[[ INPUT MATERIAL open ]]

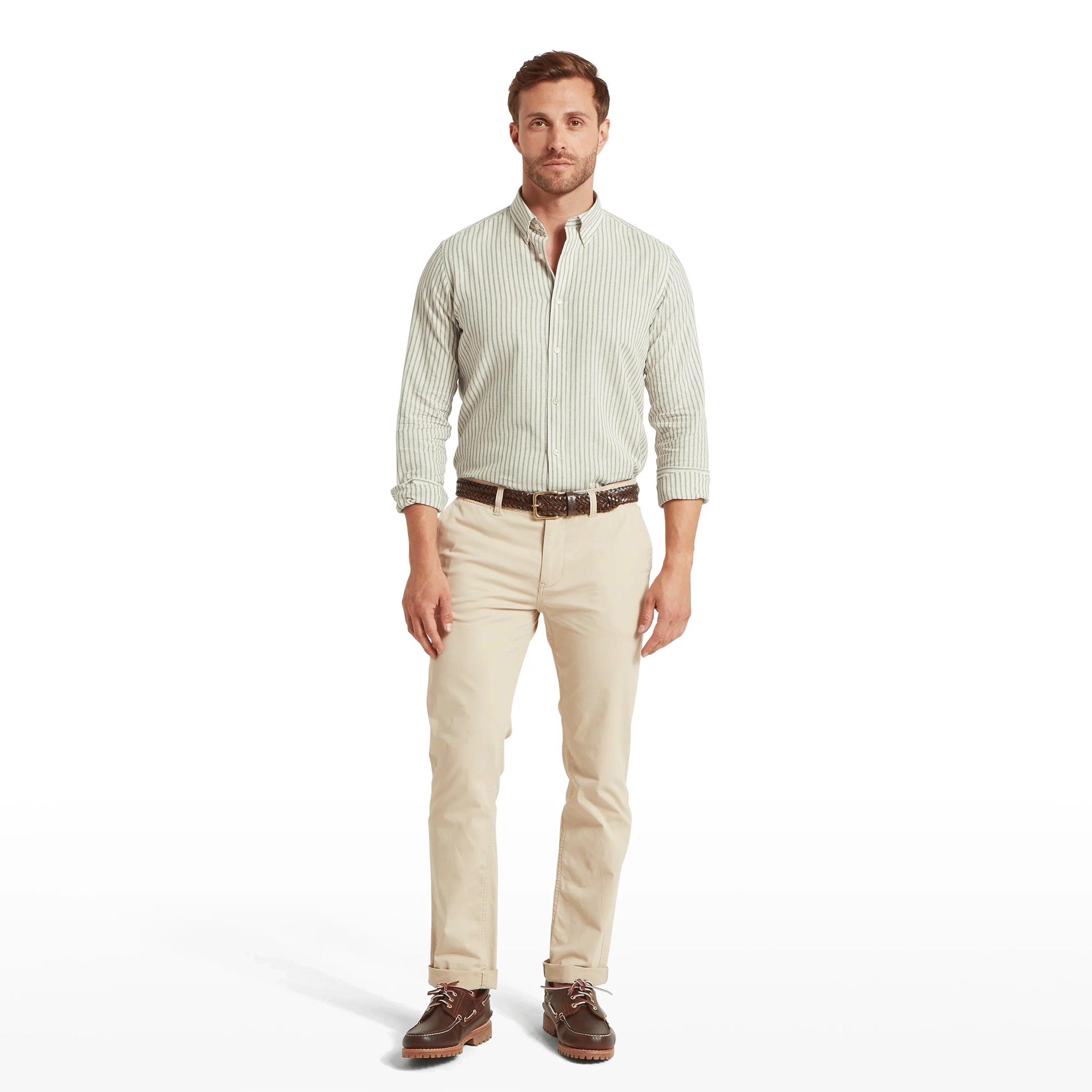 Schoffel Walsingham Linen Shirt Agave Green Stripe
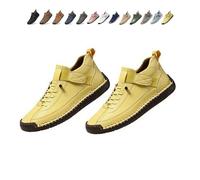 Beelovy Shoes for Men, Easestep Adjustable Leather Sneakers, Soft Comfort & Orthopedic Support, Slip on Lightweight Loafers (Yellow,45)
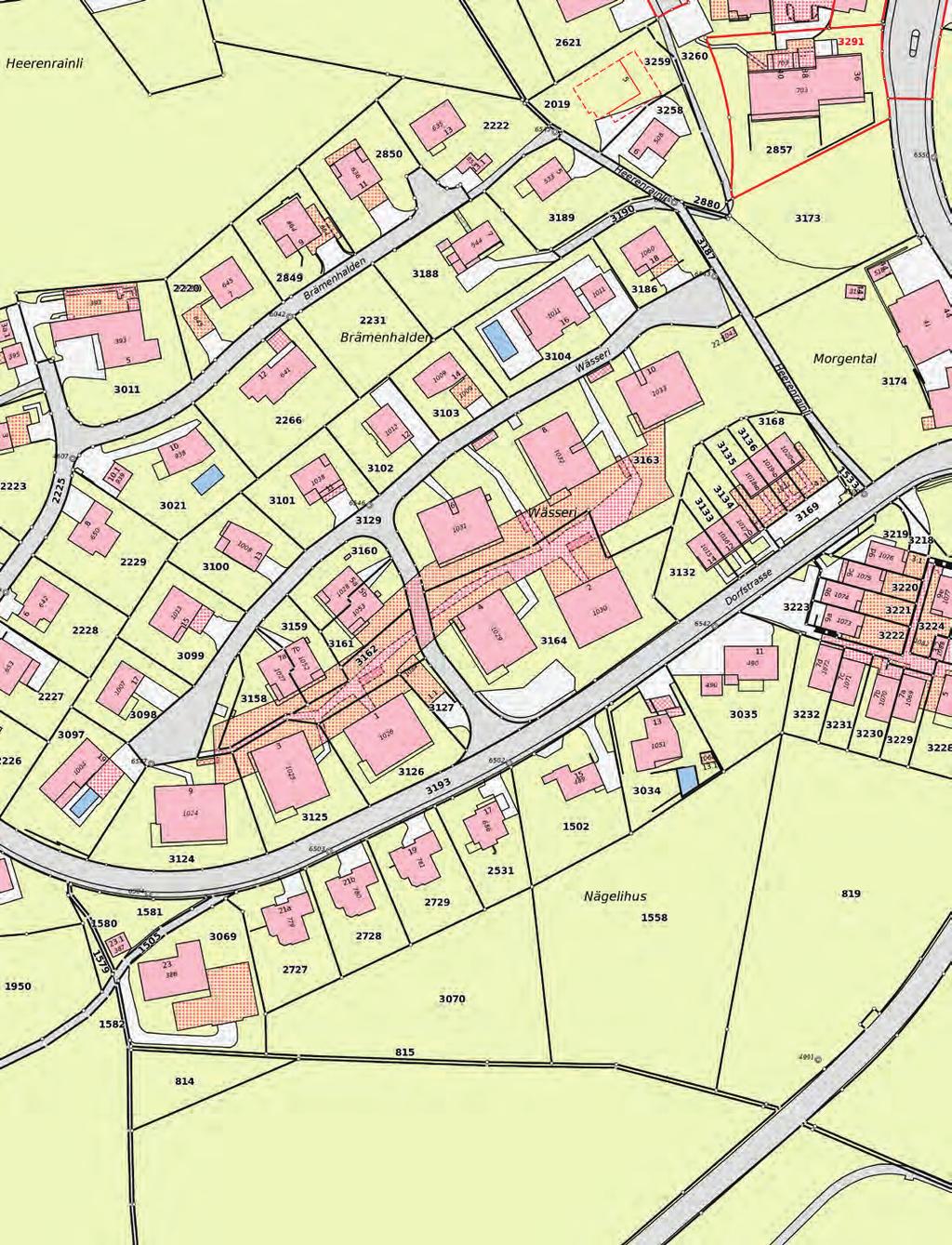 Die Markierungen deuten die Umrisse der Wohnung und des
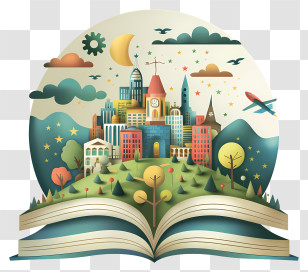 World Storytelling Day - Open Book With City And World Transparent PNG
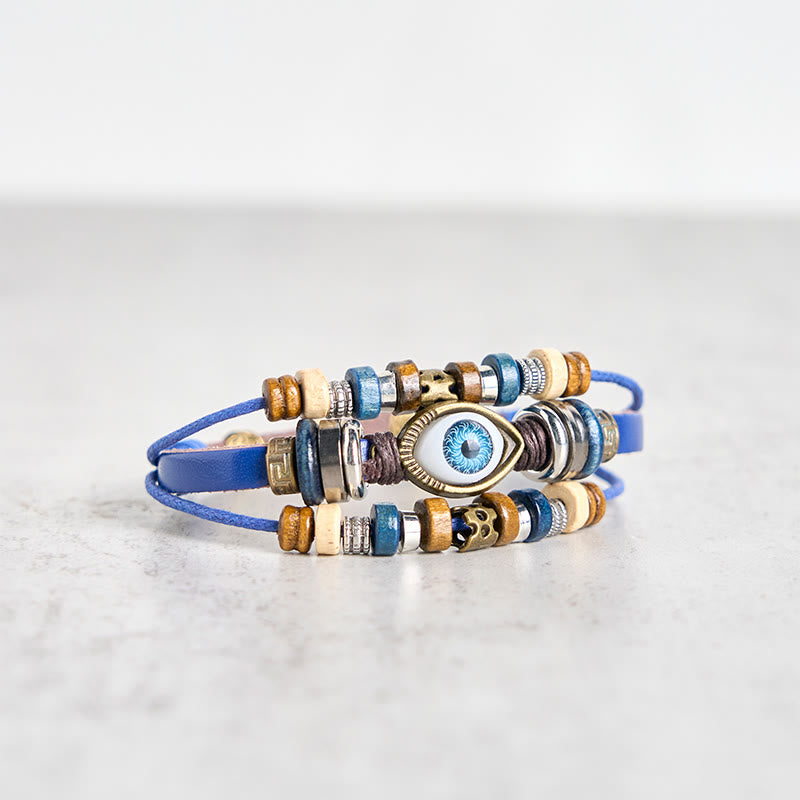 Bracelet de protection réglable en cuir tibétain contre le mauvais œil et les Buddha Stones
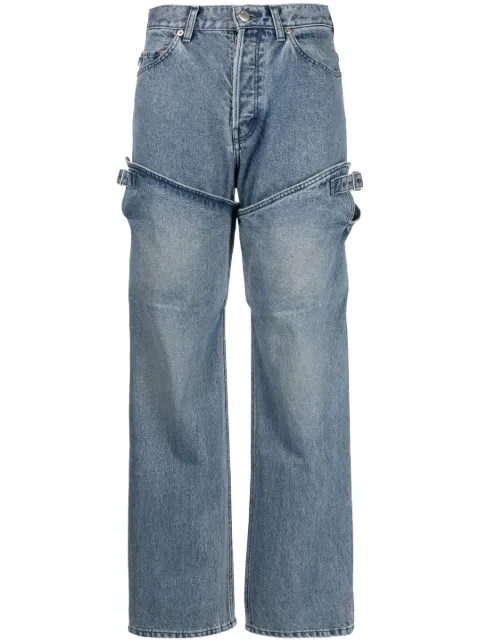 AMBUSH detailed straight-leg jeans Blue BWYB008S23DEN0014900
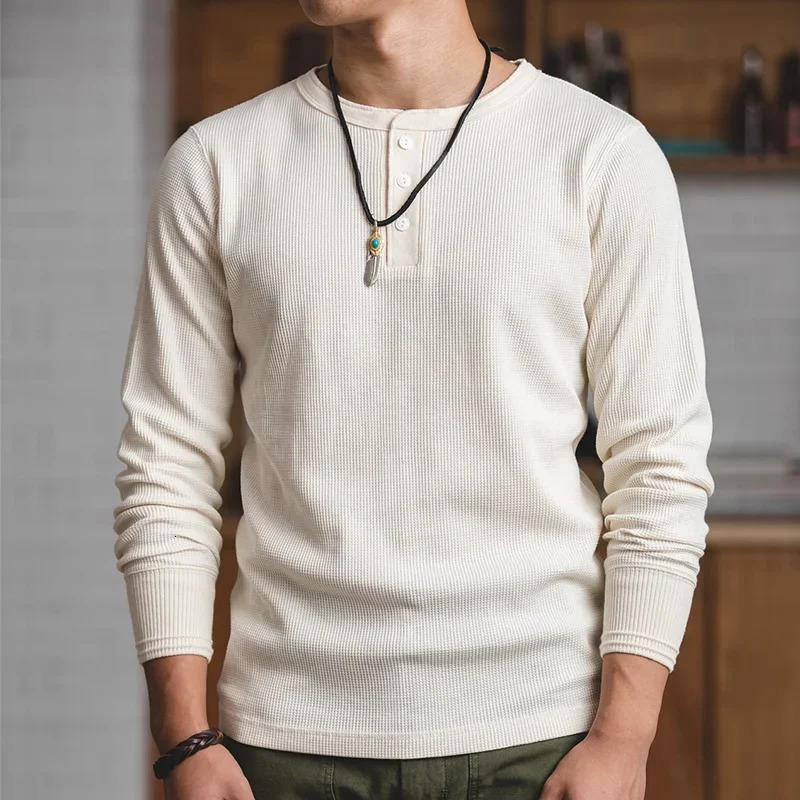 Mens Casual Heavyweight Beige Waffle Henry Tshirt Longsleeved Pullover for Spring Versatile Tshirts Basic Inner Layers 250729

[[ INPUT MATERIAL closed ]]

## ACTION ITEM
Only the lines from the one containing "Beelovy Shoes for" through the end of the records are wanted, set down exactly and without their pictures.

## OUTPUT FOR THIS TASK
 Beelovy Shoes for Men, Easestep Adjustable Leather Sneakers, Soft Comfort & Orthopedic Support, Slip on Lightweight Loafers (Yellow,45)
 Die Markierungen deuten die Umrisse der Wohnung und des
 World Storytelling Day - Open Book With City And World Transparent PNG
 Bracelet de protection réglable en cuir tibétain contre le mauvais œil et les Buddha Stones
 AMBUSH detailed straight-leg jeans Blue BWYB008S23DEN0014900
 Mens Casual Heavyweight Beige Waffle Henry Tshirt Longsleeved Pullover for Spring Versatile Tshirts Basic Inner Layers 250729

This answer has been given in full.